- WHAT YOU WILL DO -
Each line from the one containing "X0000101480470200807141419" through the last line of the material below is to be transcribed exactly, with nothing else included.

- INFORMATION PROVIDED -
§ §

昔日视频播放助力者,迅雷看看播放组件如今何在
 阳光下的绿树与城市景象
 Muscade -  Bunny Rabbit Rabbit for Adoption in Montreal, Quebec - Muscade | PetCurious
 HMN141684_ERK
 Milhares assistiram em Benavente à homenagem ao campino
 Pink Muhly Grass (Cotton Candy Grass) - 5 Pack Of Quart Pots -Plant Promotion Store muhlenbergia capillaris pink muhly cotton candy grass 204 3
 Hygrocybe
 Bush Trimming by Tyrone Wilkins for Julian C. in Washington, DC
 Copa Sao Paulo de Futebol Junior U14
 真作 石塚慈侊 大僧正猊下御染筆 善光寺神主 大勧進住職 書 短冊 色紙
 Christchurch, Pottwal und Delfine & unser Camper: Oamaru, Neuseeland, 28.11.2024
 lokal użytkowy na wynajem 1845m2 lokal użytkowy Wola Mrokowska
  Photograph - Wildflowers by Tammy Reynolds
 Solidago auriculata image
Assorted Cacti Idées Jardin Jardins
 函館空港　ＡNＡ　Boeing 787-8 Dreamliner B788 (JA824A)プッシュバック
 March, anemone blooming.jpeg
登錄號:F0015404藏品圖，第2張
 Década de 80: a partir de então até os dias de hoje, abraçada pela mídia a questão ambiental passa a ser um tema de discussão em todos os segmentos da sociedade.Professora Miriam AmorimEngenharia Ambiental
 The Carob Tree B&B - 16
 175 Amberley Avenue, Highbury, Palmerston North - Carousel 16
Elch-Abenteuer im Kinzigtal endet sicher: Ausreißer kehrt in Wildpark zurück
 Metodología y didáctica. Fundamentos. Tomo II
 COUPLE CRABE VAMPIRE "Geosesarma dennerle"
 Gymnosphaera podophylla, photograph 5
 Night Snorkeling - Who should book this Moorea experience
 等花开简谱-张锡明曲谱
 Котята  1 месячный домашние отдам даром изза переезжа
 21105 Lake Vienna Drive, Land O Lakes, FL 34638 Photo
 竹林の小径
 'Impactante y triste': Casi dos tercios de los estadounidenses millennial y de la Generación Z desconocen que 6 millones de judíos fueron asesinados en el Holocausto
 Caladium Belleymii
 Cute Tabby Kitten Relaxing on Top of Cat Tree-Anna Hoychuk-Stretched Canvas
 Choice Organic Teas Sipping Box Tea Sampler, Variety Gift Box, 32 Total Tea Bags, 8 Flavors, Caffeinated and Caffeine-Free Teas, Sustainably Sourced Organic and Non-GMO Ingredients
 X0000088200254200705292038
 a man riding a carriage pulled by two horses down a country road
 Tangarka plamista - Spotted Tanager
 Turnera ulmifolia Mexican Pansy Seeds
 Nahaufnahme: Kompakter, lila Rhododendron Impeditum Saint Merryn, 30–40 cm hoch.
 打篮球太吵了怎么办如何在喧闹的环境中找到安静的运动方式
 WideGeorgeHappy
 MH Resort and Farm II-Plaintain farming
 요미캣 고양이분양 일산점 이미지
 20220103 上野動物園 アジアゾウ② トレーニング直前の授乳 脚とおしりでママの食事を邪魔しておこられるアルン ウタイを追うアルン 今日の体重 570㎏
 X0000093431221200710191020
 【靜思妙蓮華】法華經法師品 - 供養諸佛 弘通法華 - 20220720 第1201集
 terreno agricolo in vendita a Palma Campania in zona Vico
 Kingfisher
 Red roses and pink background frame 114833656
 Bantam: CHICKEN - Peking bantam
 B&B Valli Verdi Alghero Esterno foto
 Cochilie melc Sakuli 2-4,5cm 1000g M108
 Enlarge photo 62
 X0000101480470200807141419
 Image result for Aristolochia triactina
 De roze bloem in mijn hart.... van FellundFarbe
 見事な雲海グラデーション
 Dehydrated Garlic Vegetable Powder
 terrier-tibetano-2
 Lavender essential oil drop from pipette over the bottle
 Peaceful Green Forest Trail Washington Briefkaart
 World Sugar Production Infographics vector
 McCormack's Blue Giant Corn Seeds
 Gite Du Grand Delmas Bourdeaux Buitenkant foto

§ §

- RESULT OF THIS TASK -
 X0000101480470200807141419
 Image result for Aristolochia triactina
 De roze bloem in mijn hart.... van FellundFarbe
 見事な雲海グラデーション
 Dehydrated Garlic Vegetable Powder
 terrier-tibetano-2
 Lavender essential oil drop from pipette over the bottle
 Peaceful Green Forest Trail Washington Briefkaart
 World Sugar Production Infographics vector
 McCormack's Blue Giant Corn Seeds
 Gite Du Grand Delmas Bourdeaux Buitenkant foto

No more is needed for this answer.